Les Téribe ou Naso. Ce groupe, d'environ 4 000 personnes, vit isolé sur les rives des ríos Teribe et San San dans la province de Bocas del Toro. Sa particularité tient à la nature de son gouvernement, les Teribe étant représentés par un roi ! Choisi autrefois en fonction de ses aptitudes guerrières, le roi doit aujourd'hui être issu de la lignée des Santana. Cette famille a déjà enfanté treize monarques. Reynaldo Alexis Santana, au pouvoir depuis 2011, a la charge de représenter son peuple, notamment dans les rapports avec les autorités panaméennes. Cela fait déjà près de trente ans que les Teribe réclament que leur soit assigné un territoire officiel !

Les Bri-bri. Présente le long de la frontière, sur les rives des ríos Yorkin et Sixaola, l'essentiel de leur communauté se trouve au Costa Rica où ils seraient environ 10 000. Du côté panaméen, on en recense à peine un millier. Ce petit nombre est peut-être la raison pour laquelle on les connaît si peu et pourquoi on les assimile souvent au groupe des Guaymí. Aucun territoire propre ne leur est assigné par le gouvernement panaméen.

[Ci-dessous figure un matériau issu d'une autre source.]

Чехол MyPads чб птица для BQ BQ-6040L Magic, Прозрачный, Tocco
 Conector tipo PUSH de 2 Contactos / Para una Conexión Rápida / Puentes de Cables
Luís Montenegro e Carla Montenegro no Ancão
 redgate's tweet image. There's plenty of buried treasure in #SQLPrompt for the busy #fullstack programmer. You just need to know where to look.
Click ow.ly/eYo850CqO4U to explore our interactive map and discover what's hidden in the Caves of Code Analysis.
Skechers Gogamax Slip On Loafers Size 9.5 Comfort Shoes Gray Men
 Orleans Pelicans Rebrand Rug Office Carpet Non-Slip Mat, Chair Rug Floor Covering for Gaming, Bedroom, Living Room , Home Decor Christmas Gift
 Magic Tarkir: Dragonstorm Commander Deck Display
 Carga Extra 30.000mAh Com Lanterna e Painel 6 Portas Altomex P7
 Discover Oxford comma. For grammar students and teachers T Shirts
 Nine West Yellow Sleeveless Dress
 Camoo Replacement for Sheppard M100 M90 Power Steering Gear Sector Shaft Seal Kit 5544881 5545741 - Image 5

Sept communautés, une même menace. Malgré leurs revendications, les sept groupes amérindiens sont très peu consultés par le gouvernement sur l'avenir de leurs sous-sols et voient leurs terres fréquemment menacées par les concessions minières accordées aux multinationales étrangères. Les retombées de ces exploitations ne contribuent en rien au développement de ces communautés et sont le plus souvent source d'importantes pollutions des sols et rivières.

Quelle élégance chez les femmes gunas  !

Un trait noir qui partage le visage en deux, un anneau d'or dans le nez, les cheveux courts, deux molas cousus sur la blouse, une jupe portefeuille aux motifs colorés, des bracelets de perles aux poignets et aux chevilles  : la tenue traditionnelle de la femme Guna est d'une extrême élégance. D'après certains témoignages, nombreuses sont les jeunes filles qui aimeraient échapper à ce carcan vestimentaire pour s'habiller selon la mode occidentale. Toutefois, la tradition perdure au travers de certains rites initiatiques, notamment les différentes fêtes marquant les étapes clefs de la vie d'une jeune fille  : la fête de l'Ico-Inna (fête de l'aiguille), célébrée en famille et où l'on perfore la paroi nasale de l'adolescente pour y placer l'anneau d'or, la fête de l' Inna-Suit , au cours de laquelle est chanté le chant des ciseaux, dislaiga, quand on coupe les cheveux de la jeune fille et qu'un nouveau nom lui est attribué. Enfin, lors de la fête de la puberté, Inna-Muustiki, qui célèbre l'apparition des premières règles. Quant à la cérémonie nuptiale, elle obéit également à un rituel qui s'étend sur plusieurs jours et qui est destiné à démontrer les capacités physiques du futur marié.

Que sont les comarcas  ?

Pour le gouvernement panaméen, ce terme désigne une réserve autonome indigène aux délimitations géographiques définies et dont les habitants sont, en principe, consultés sur tout changement relatif aux frontières ou à la gestion de ce territoire. Cette autonomie est exercée dans les faits sur la base de l'organisation interne propre à chacune des communautés. Cette superposition d'acteurs n'est pas sans poser problème  : quel est le poids réel de ces autorités traditionnelles face aux autorités panaméennes  ?

La première comarca a été établie par et pour les Guna en 1938 et reçut soixante ans plus tard l'appellation de Guna Yala. Sa création engendra un processus de revendications de la part des autres groupes amérindiens, qui s'organisèrent également pour que leur soit concédé un territoire.

Actuellement, il existe cinq autres comarcas au Panamá  : Emberá-Wounaan (1983), Madugandi (1996), Ngäbe-Buglé (1997) et Wargandi (2000). Seuls les Naso Teribe et les Bri-bri n'ont pas de territoire délimité officiellement, et ils en espèrent la création. Un espoir encouragé par l'adoption, en 2007, de la déclaration des Nations unies sur les droits des peuples autochtones  ; le premier instrument universel à affirmer que ces peuples ont le droit d'être autonomes et de s'administrer eux-mêmes pour tout ce qui touche à leurs affaires intérieures et locales, ainsi que de disposer des moyens de financer leurs activités autonomes.